Round table “REMIT in Ukraine: Presentation of Draft Law 5322” held by the Verkhovna Rada’s Committee on Energy, Housing & Utilities Services in Kyiv on November 28, 2022. Photo by USAID ESP.

The draft law No. 5322 was adopted by the Verkhovna Rada of Ukraine in the second reading and entirely on Friday, June 10, 2023, as a component of the European integration legislative package. It aims primarily to set up rules for fair energy markets built on trust and confidence by way of transposition, largely of provisions of the EU Regulation No 1227/2011 on wholesale energy market integrity and transparency (REMIT).

More specifically, the adopted draft law No. 5322 prohibits market abuse practices, such as insider trading and market manipulation, which threaten and distort the wholesale energy markets and affect the potential benefits to the energy customers from market liberalization. The law also provides a legal basis for the improvement of market transparency and enables the national energy regulatory authority, the National Energy & Utilities Regulatory Commission (NEURC), to put in place an adequate and effective market regulation system comprising the mechanisms and tools for monitoring and near-real-time surveillance of the energy markets, prompt investigation of law infringements, and effective regulatory decisions against market abusers.

The urgency and necessity of the still pending transposition of the EU REMIT and its effective implementation in Ukraine have always been the focus of the country’s international partners, primarily the EU, the Energy Community, and the U.S. through USAID.

Being aligned with the international partners of Ukraine, USAID ESP has been emphasizing that the REMIT law, on the one hand, is among the most critical elements of the energy legislation yet to be put into effect in accordance with Ukraine’s commitments under the Association Agreement with the EU and the Energy Community Treaty, and, on the other hand, constitutes an indispensable building block for the liberalized markets in electricity and gas, which Ukraine launched and continues to develop in recent years, to the benefit of the energy customers in Ukraine.

A larger-scale and more intensive European integration process seem imminent as soon as Ukraine enters the negotiations with the EU on the Treaty of Accession. Apparently, the accession phase would facilitate and accelerate further convergence and integration of Ukraine’s electricity and gas markets into the EU markets.
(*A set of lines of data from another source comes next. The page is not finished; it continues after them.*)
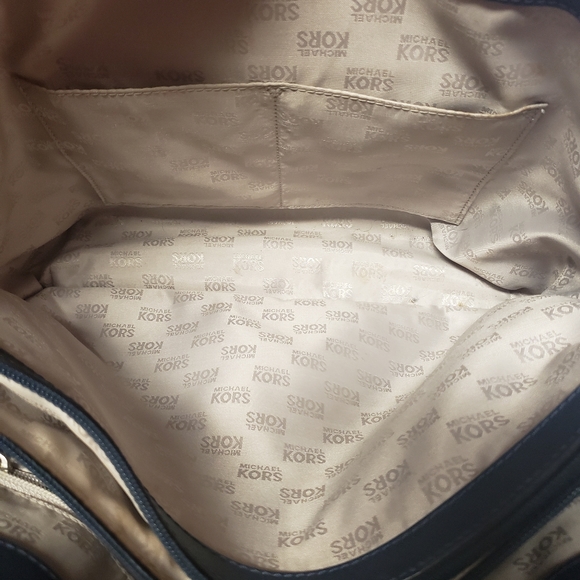 Michael Kors Purse and Wallet - Picture 7 of 8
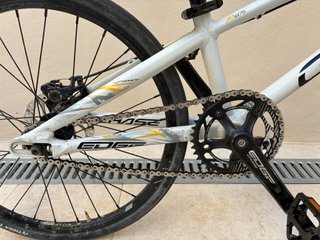 Bicicleta BMX Chase Edge Junior 2024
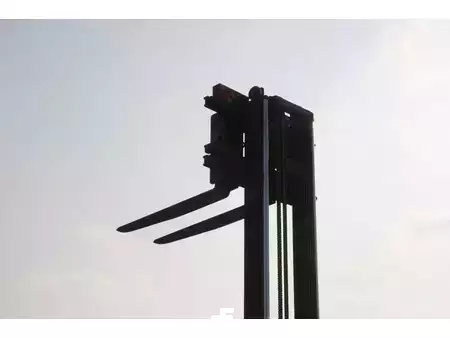 Dieselový VZV 2004  Hyster H3.00XM (30)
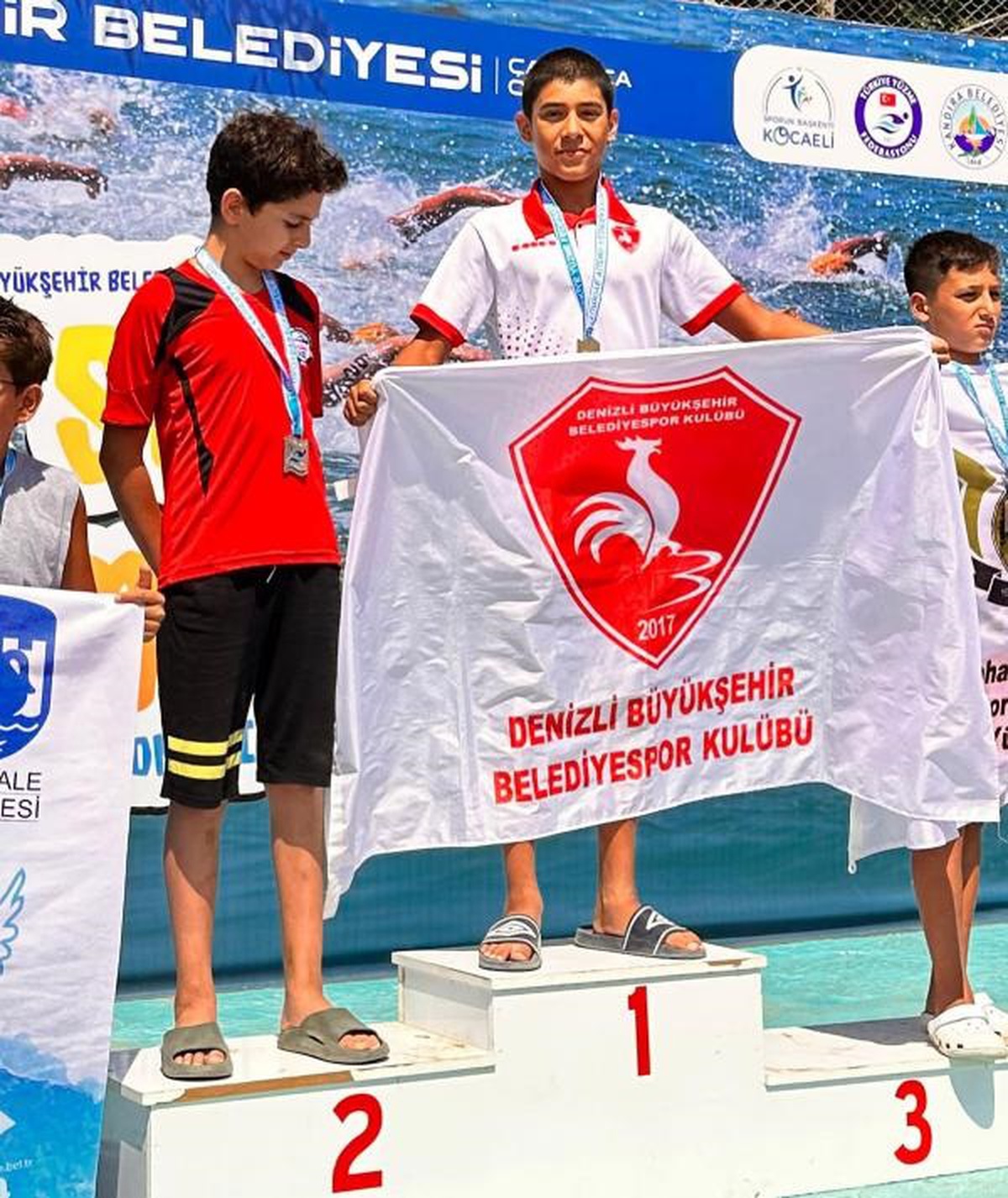 Denizli Büyükşehir Belediyespor Yüzme Takımı Şampiyonaya Damga Vurdu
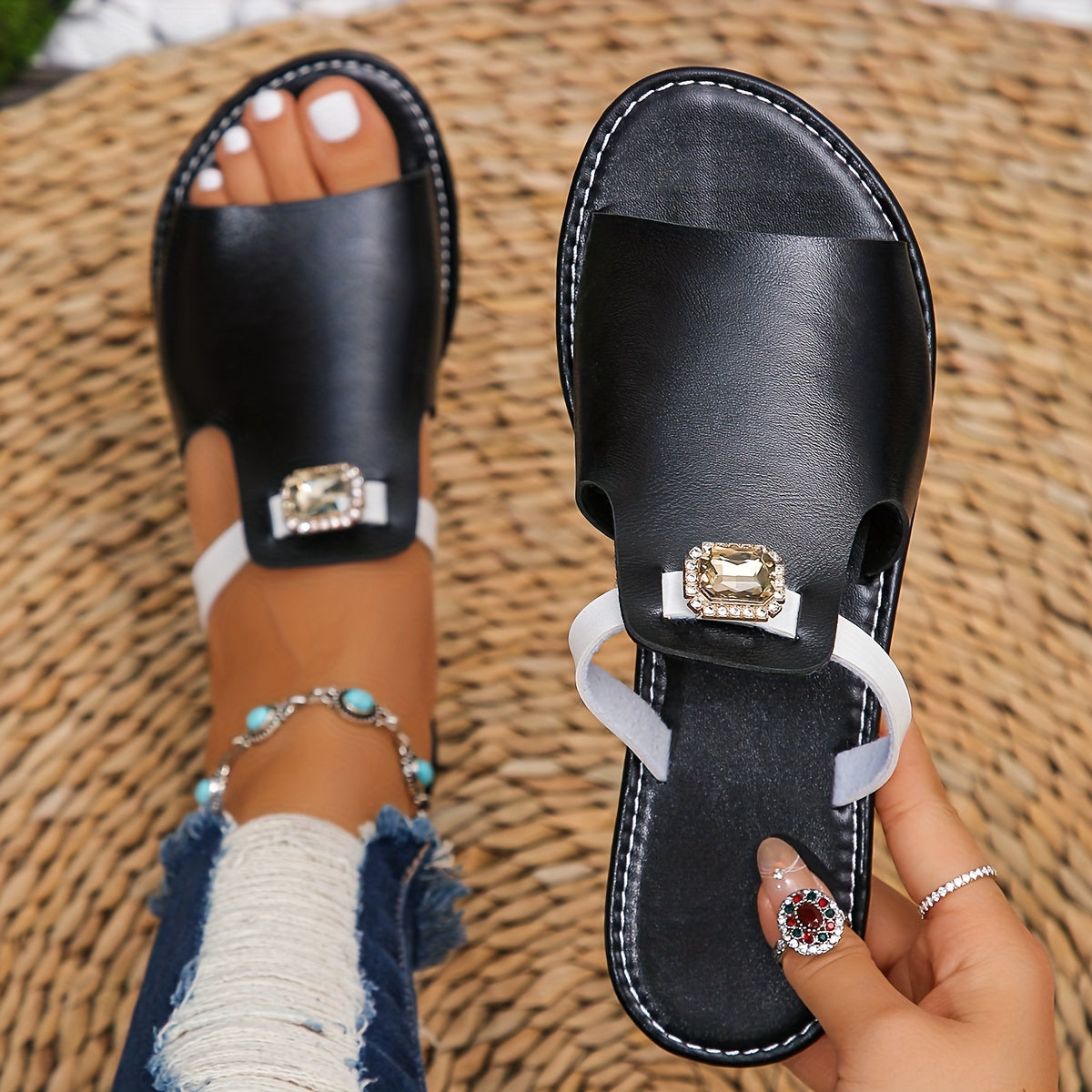 Sandali slip-on da donna con dettaglio di pietre preziose – Slides alla moda per tutti i giorni e il tempo libero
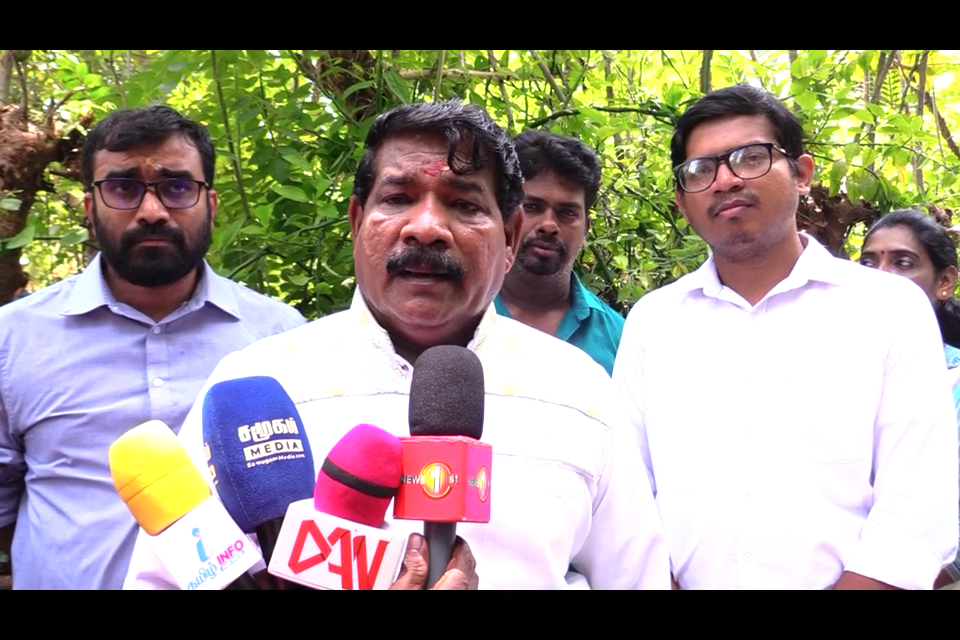 ஊழல் இலஞ்ச குற்றச்சாட்டுக்கள் மற்றும், உயிரத்த ஞாயிறு தாக்குதல் குற்ற சாட்டுகளில் தப்பிப்பதற்காகவே எதிர் கட்சிகளின் கூட்டணி அமைந்துள்ளதாக கடற்றொழில் அமைச்சர் இராமலிங்கம் சந்திர சேகர் குற்றம் சாட்டினார்.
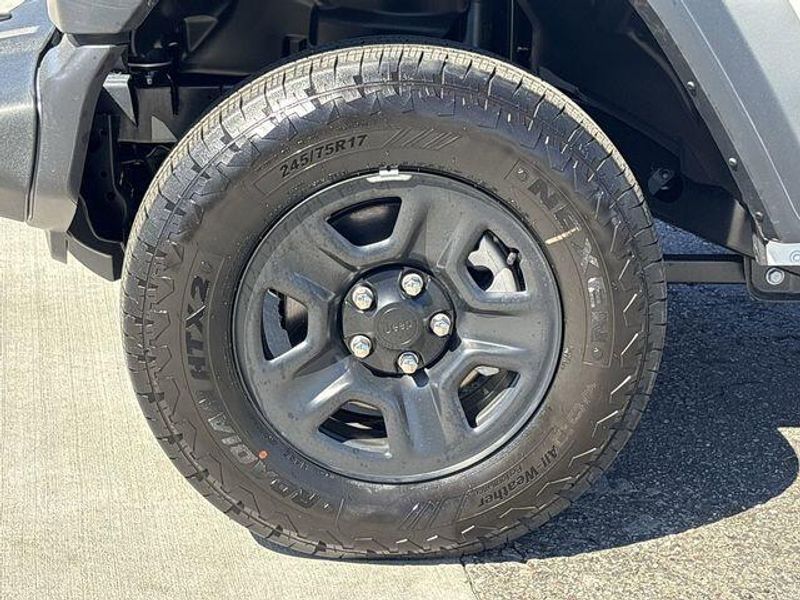 New 2026 Jeep Wrangler 4-door SportImage 10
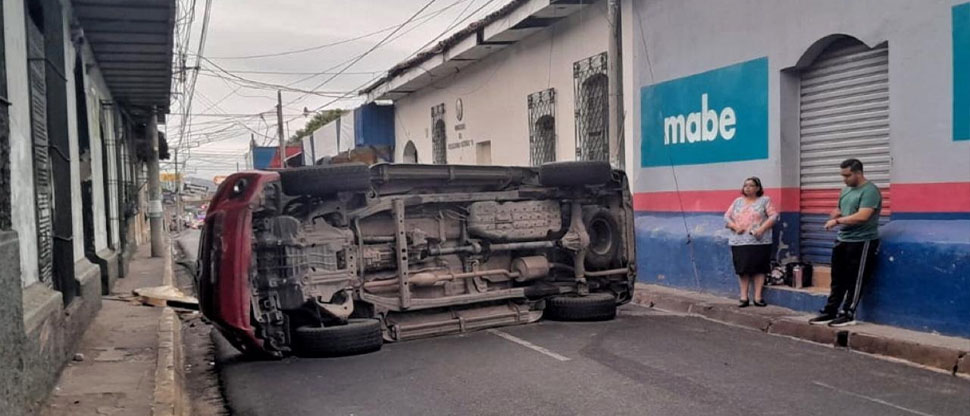 Carro vuelca y obstruye totalmente calle en el centro de San Miguel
In that context, the fundamental pillars of the liberalized competitive energy market concept commonly shared and applied in the EU, the U.S., and other developed countries across the world should be duly acknowledged, respected, and implemented by Ukraine. One of those crucial pillars is to have in place an independent and capable national energy regulatory authority providing impartial and effective market surveillance, encouraging all market players to respect and comply with the rules and principles of fair competitive behavior in the market, and combating manipulations and abuses that affect competition and pricing.

Therefore, both for the sake of the sustainability of its liberalized energy markets and with a view to facilitate and accelerate the EU accession process, Ukraine urgently needs, in particular, to implement the principle of effective market surveillance and ensure that its surveillance system is in place, effective, and compliant with the EU REMIT.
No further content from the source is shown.